Un debate caliente en el Congreso de Tucumán

    Julio M. Luqui Lagleyze*


    María Martínez

    El Congreso General Constituyente había sido convocado por el un nuevo Directorio, surgido tras la caída del Director Carlos de Alvear, a mediados de 1815.

    La convocatoria fue hecha a fines de ese mismo año y se debía a la fuerte influencia de San Martín, a la sazón Gobernador Intendente de Cuyo, pero que movía desde Mendoza los hilos de la renovada Logia Lautaro en Buenos Aires, que seguía ahora su Plan Continental. Los ideales originarios de encausar la revolución y declarar la Independencia volvían a reverdecer en el Congreso.

    Se había elegido Tucumán, por estar en un nudo de comunicaciones entre el centro y el norte de las PPUU y alejado de Buenos Aires. Esta se hallaba amenazada por una posible invasión española y demasiado cercana, además, a la convulsionada Banda Oriental y el Litoral. Estos respondían a Artigas, que no aceptó enviar diputados al Congreso, montando uno propio, llamado del Oriente, de poca influencia y nulos resultados, pese a su exagerada ponderación por parte de algún historiador actual.

    Los portugueses por su parte no mostraban claras intenciones con respecto a las PPUU. Esto es si apoyarían desde sus puertos de Brasil a una expedición española; si entrarían en alianza militar para atacar a la capital insurgente, o si solo abrigaban intenciones anexionistas sobre la Banda Oriental.

    El Alto Perú se había perdido hacía poco, a fines de 1815 en la batalla de Sipe Sipe, y el Ejército del Norte se hallaba en retirada en Salta cuando la convocatoria al Congreso.

    Pero Tucumán aún era segura puesto que el coronel salteño Martín Miguel de Güemes con sus hombres se encargaba de frenar cualquier avance realista desde el Norte, y poco después los restos del Ejército del Norte se instalarían en La Ciudadela, en las afueras de Tucumán para dar protección cercana al Congreso y nuevamente a las órdenes del general Manuel Belgrano.
    Restando las provincias dominadas por la Liga Artiguista y algunas de las ocupadas por el enemigo realista en el Alto Perú, al Congreso concurrieron 29 diputados de todas las provincias unidas: Buenos Aires, la Intendencia de Córdoba (Córdoba, La Rioja, Catamarca y Santiago del Estero), la de Cuyo (Mendoza, San Juan y San Luis), Salta, Jujuy, la propia Tucumán y por el Alto Perú, las provincias de Charcas, Mizque y Chichas.

    Detrás de la convocatoria al Congreso estaba el general San Martín, quien reclamaba una pronta declaración de independencia, para poder tener el instrumento legal y la legitimidad necesaria para emprender su plan continental de emancipación, amparado en la bandera de una nación soberana y no como provincias insurgentes del monarca español.

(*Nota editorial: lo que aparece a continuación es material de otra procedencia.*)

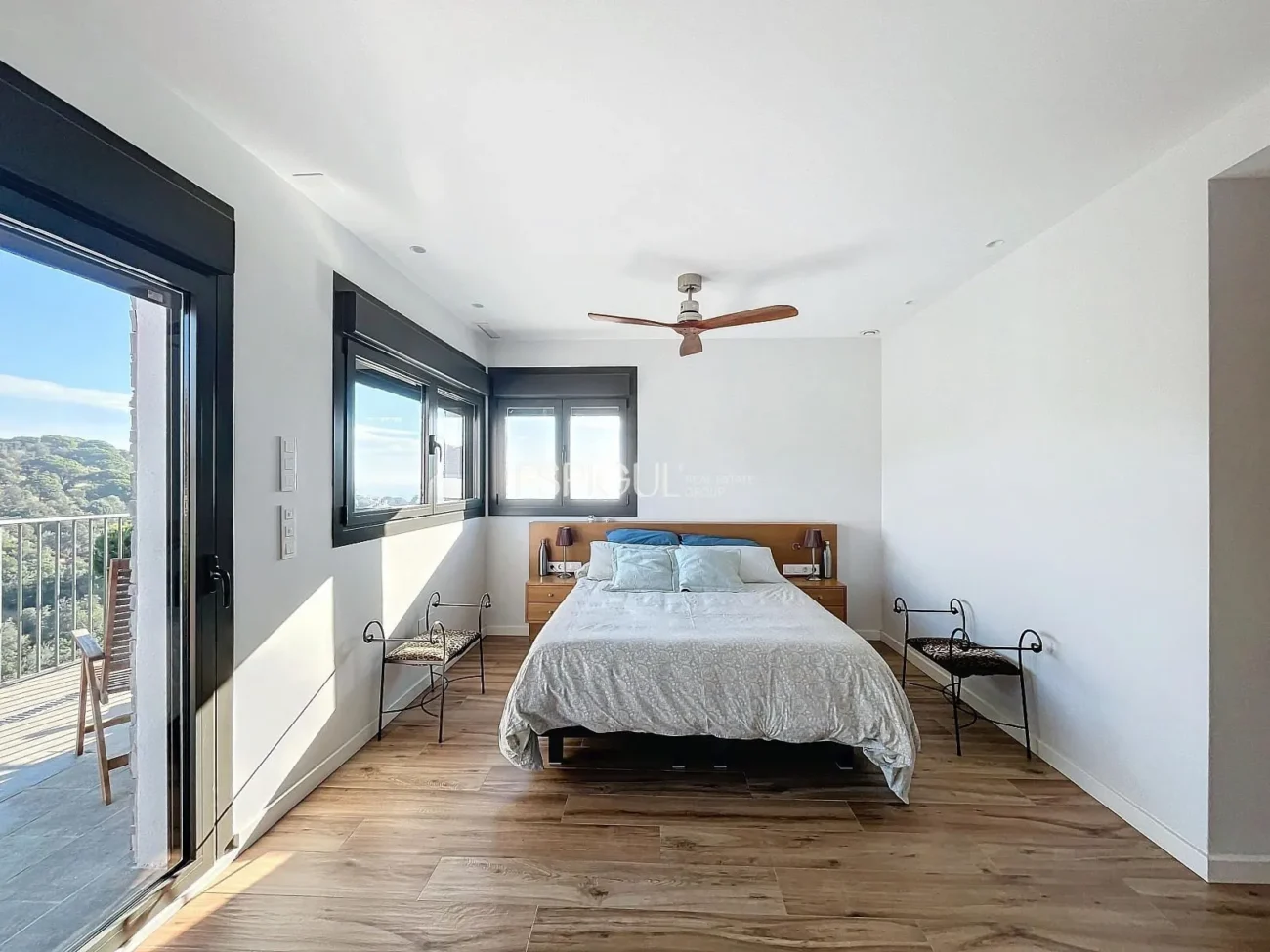 Exclusive House with Panoramic Views of the Sea and Mountains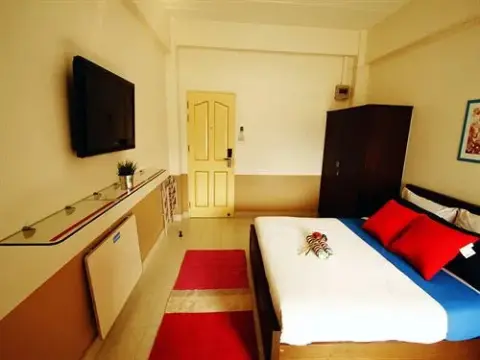 Golden Apartment - Photo 3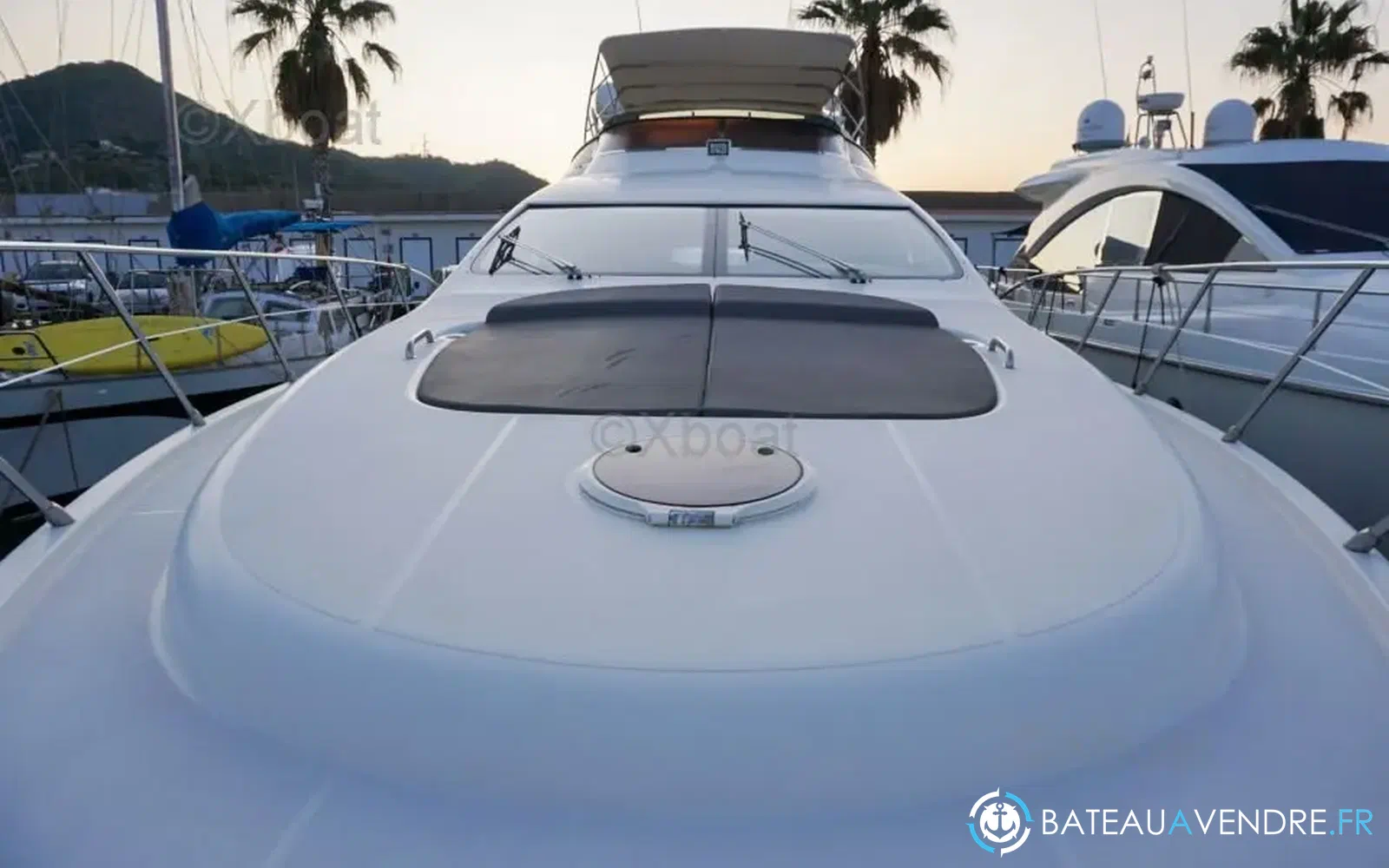 slider 5 Azimut 68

Escribía a uno de sus diputados, Godoy Cruz, que era ridículo tener pabellón, acuñar moneda, usar escudo y hacer la guerra a un soberano del cual todavía seguíamos “a pupilo”, pues no nos habíamos declarado libres de él.

    Luego de resuelto el problema de elegir un nuevo Director Supremo del Estado, responsabilidad que recayó en el brigadier Juan Martín de Pueyrredón, diputado por San
    Luis, seguía la cuestión de la declaración de independencia. Si bien este asunto era mirado como muy espinoso y que muchos preferían demorar en espera de mejor momento, se zanjó finalmente el 9 de julio de ese año, dejando claro que no dependíamos más del Rey de España, sus sucesores y metrópolis.

    Quedaba la determinación de la forma de gobierno y la promulgación de una Constitución, asuntos que llevarían varios debates, muchas alternativas y varios años de gestiones.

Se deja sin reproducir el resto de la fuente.